ONLINE FORM INSTRUCTIONS - PROVIDER COMPLAINT FORM
- Fill out the Complaint Form HERE. When your information is complete; click the "Submit" button.
- You will receive a "Complaint Confirmation" page. Please print out two (2) copies of the "Complaint Confirmation" page - one for your records and one to send to us.
The "Complaint Confirmation" contains the information you provided along with other important information about how we will handle the complaint.
- Send the following documents to our office via mail, email or fax:
- The "Complaint Confirmation" page
- All relevant documents, including a copy of the claim the provider's office submitted to the health insurance carrier, an adverse coverage decision from the carrier, billing statements, and correspondence.
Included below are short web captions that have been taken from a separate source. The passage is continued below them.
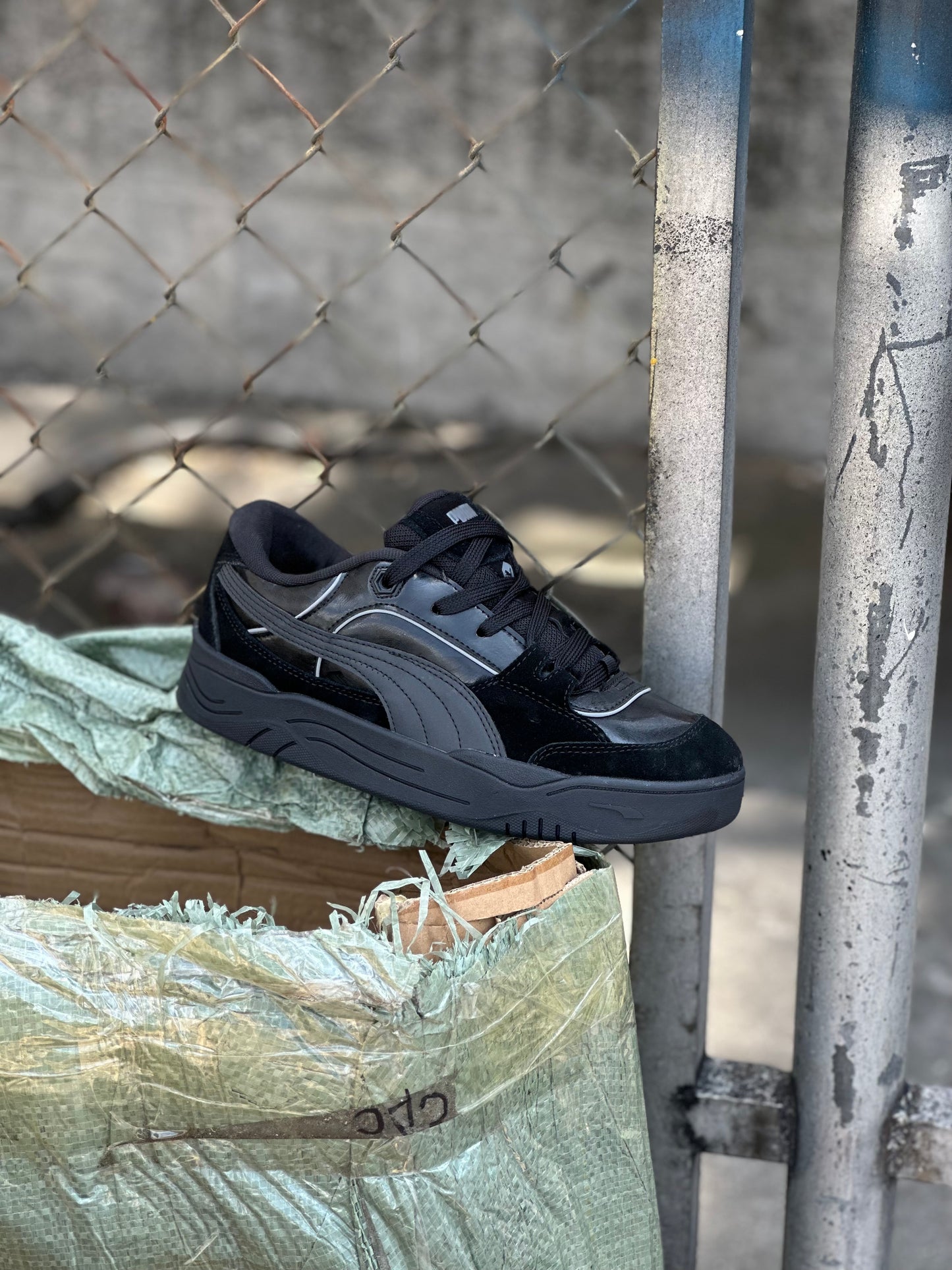 Puma 180 - Negra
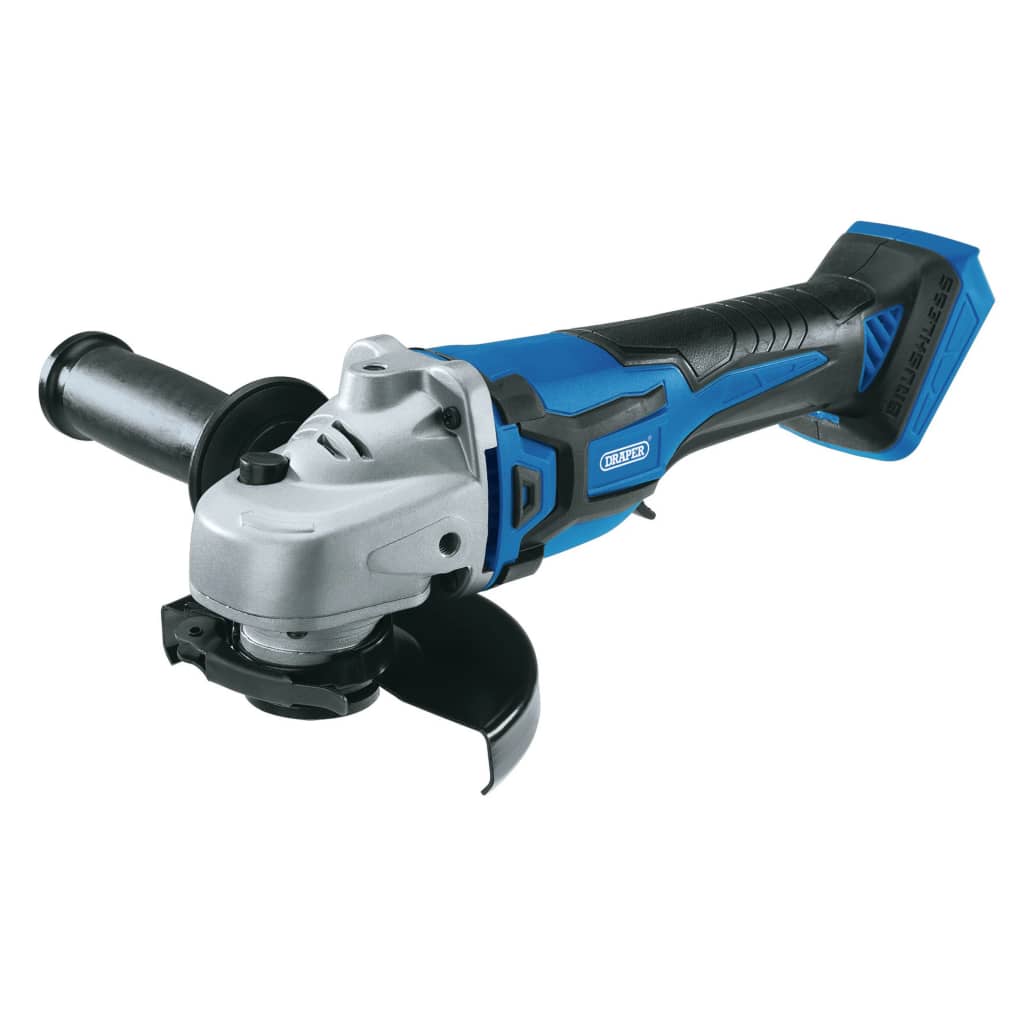 Einhell Amoladora TE-AG 230/2000 (2.000 W, 230 mm, Número de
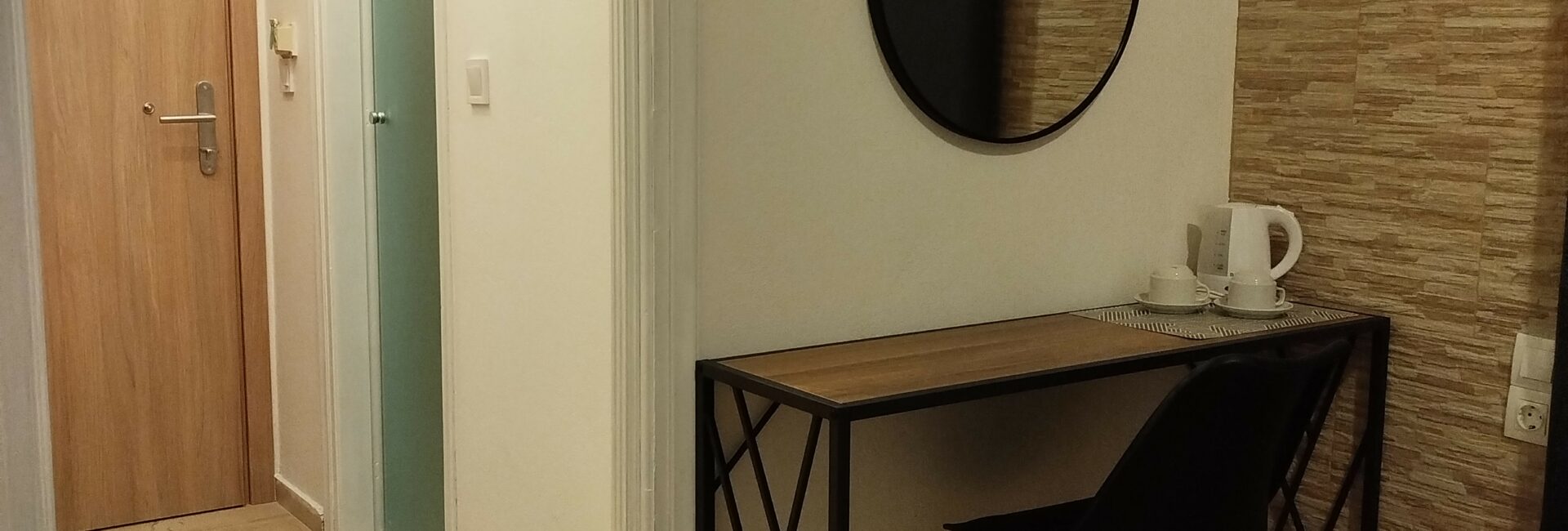 Twin Room with Garden View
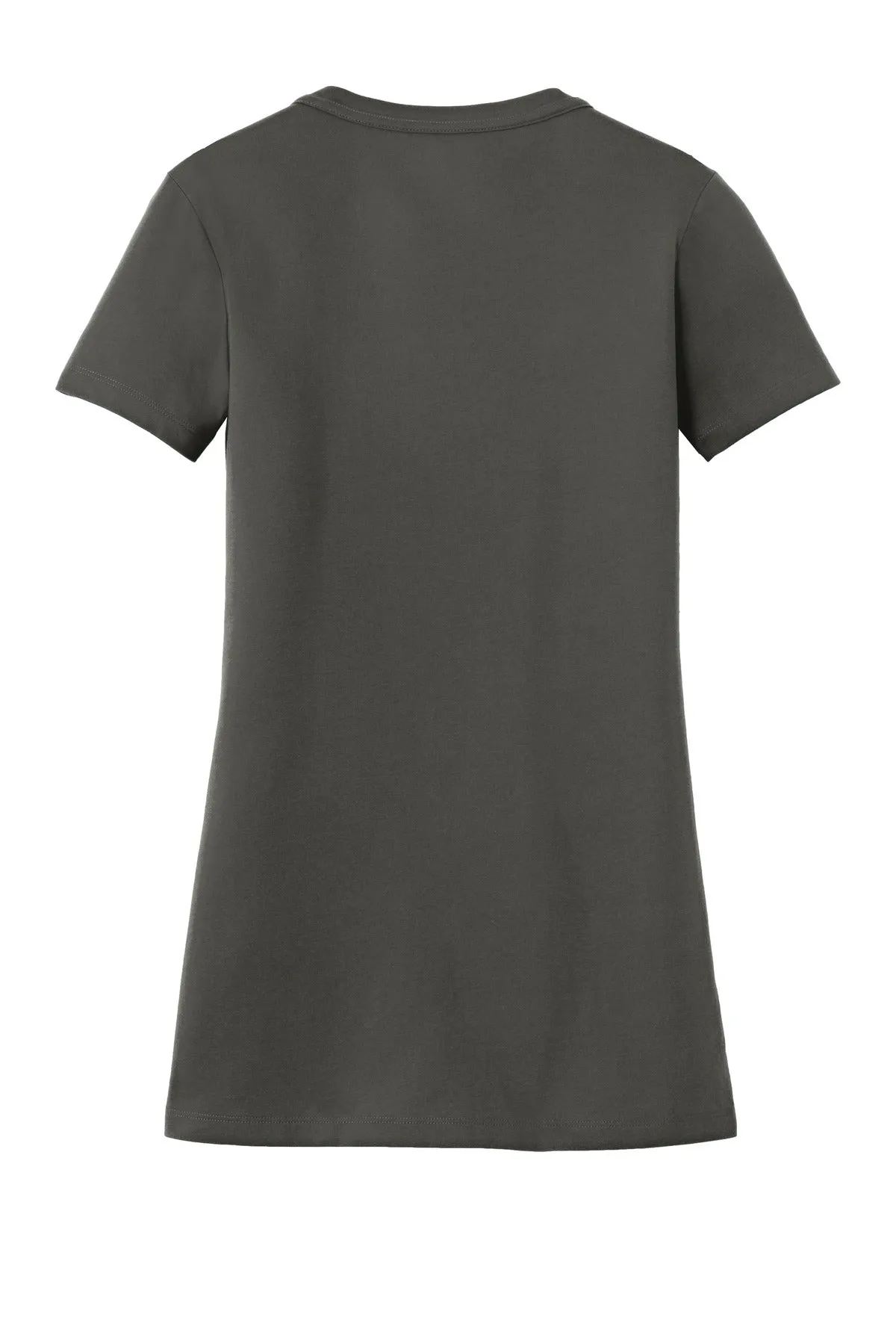 New Era Ladies Heritage Blend V-Neck Tee. LNEA101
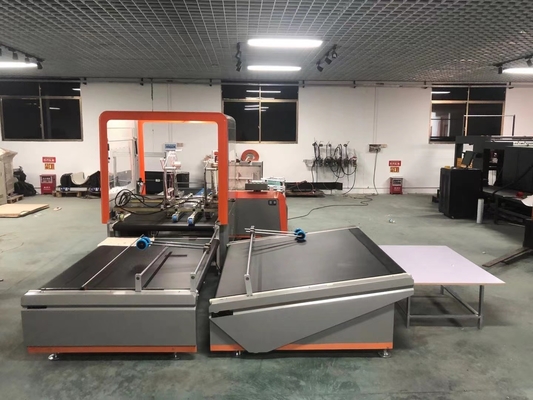 pequeña CBM operación fácil de 70m/Min Automatic Cartoning Machine 300g/M2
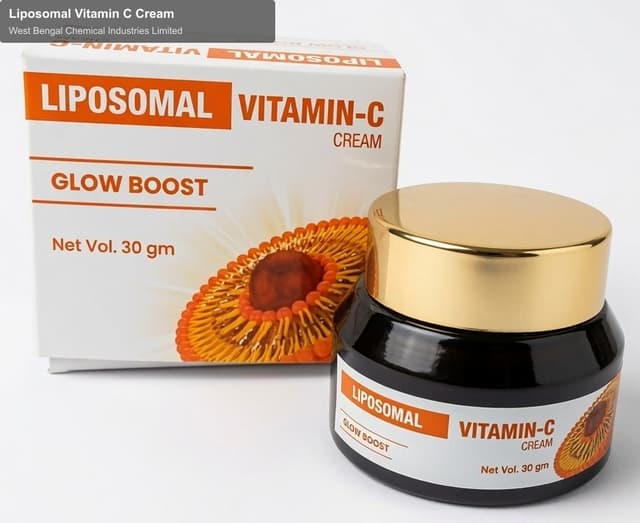 West Bengal Chemical Industries Limited sell "Liposomal Vitamin C Cream"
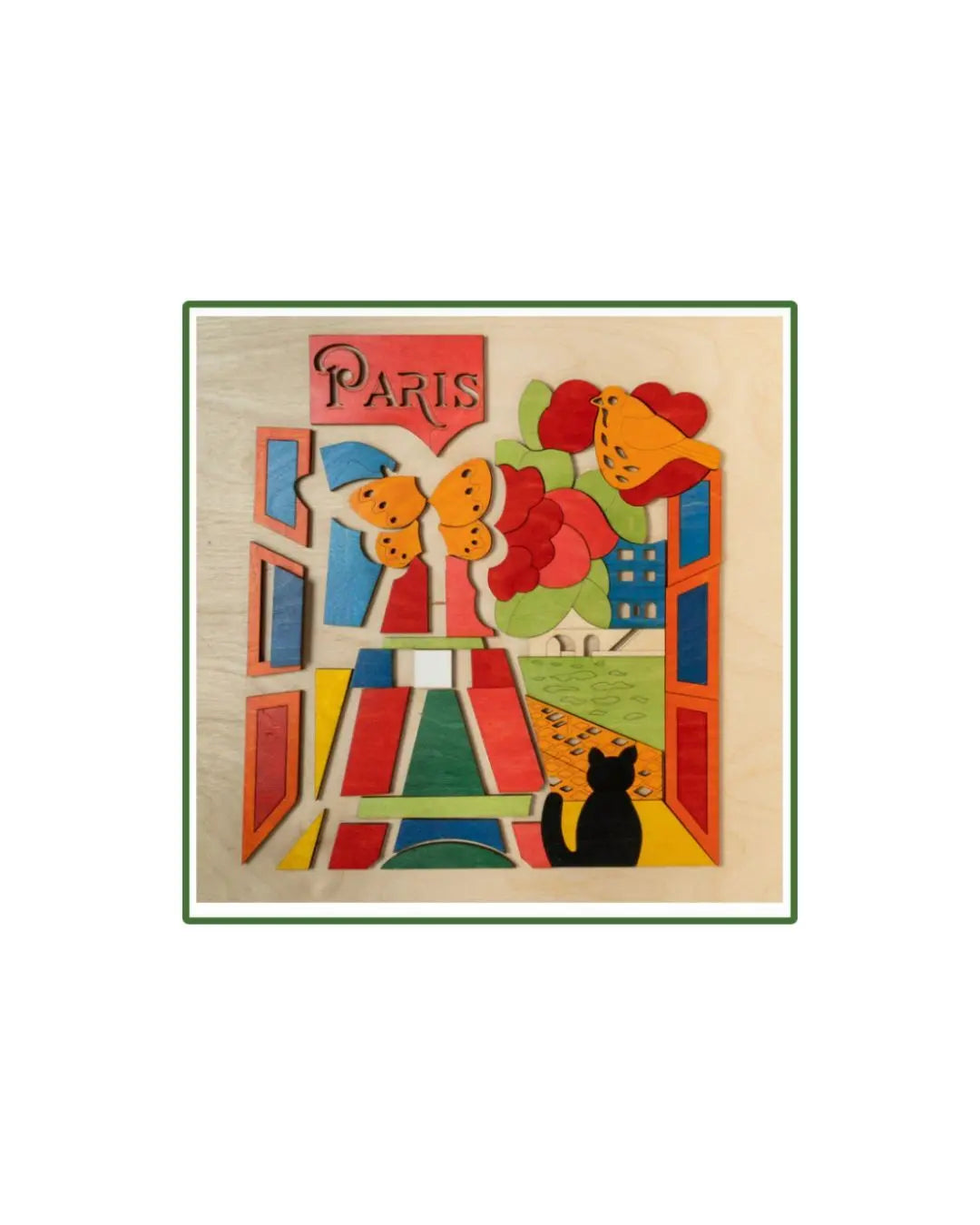 Around the World Explorer Kit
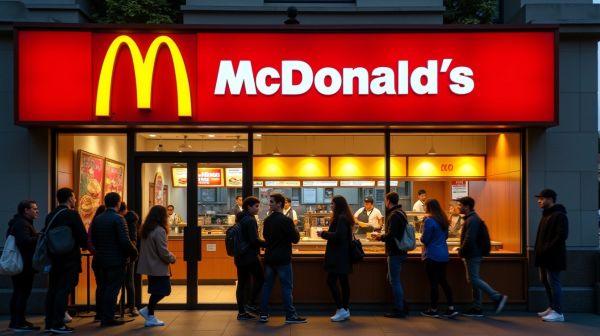 Où savourer les burgers emblématiques de McDonald's ?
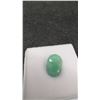 Image 2 : 5.9 Carat Natural Untreated Oval Cut Emerald, 9.6mm x 13.7mm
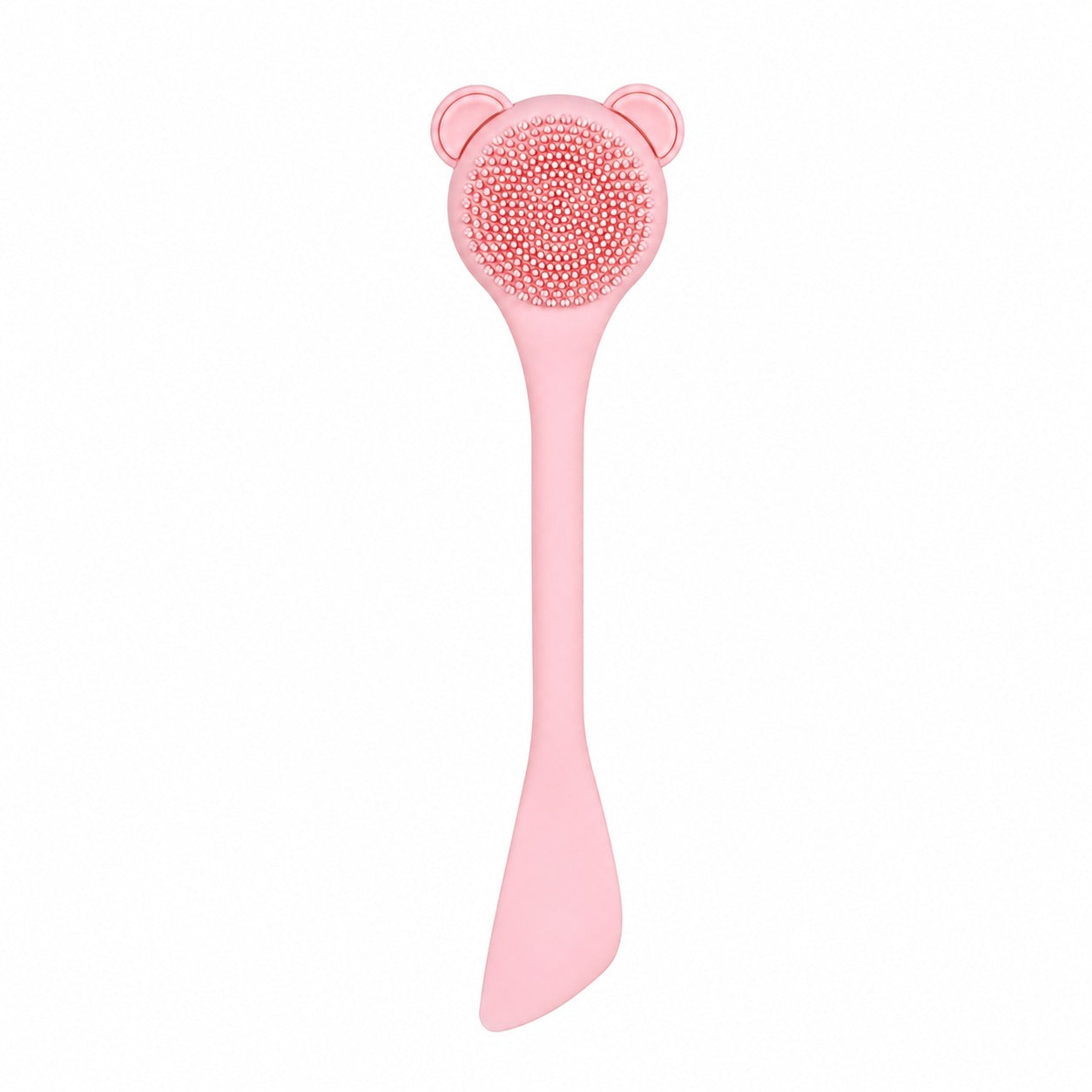 Double-Ended Silicone Face Brush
- If possible, providers should include a copy of the Authorization for the Release of Medical Information signed by the patient with the complaint. If we do not receive the Authorization with the complaint, we will contact your patient to obtain the Authorization for the Release of Medical Information.
Office of the Attorney General, Health Education and Advocacy Unit
200 St. Paul Place, 16th Floor
Baltimore, MD 21202
FAX (410) 576-6571
Toll-free in Maryland
Receipt of the "Complaint Confirmation," the Authorization for Release of Medical Information and copies of other documents relevant to your complaint are necessary to begin the mediation process.
We cannot begin assisting in the insurance dispute until we receive a completed Authorization for the Release of Medical Information form signed by the consumer.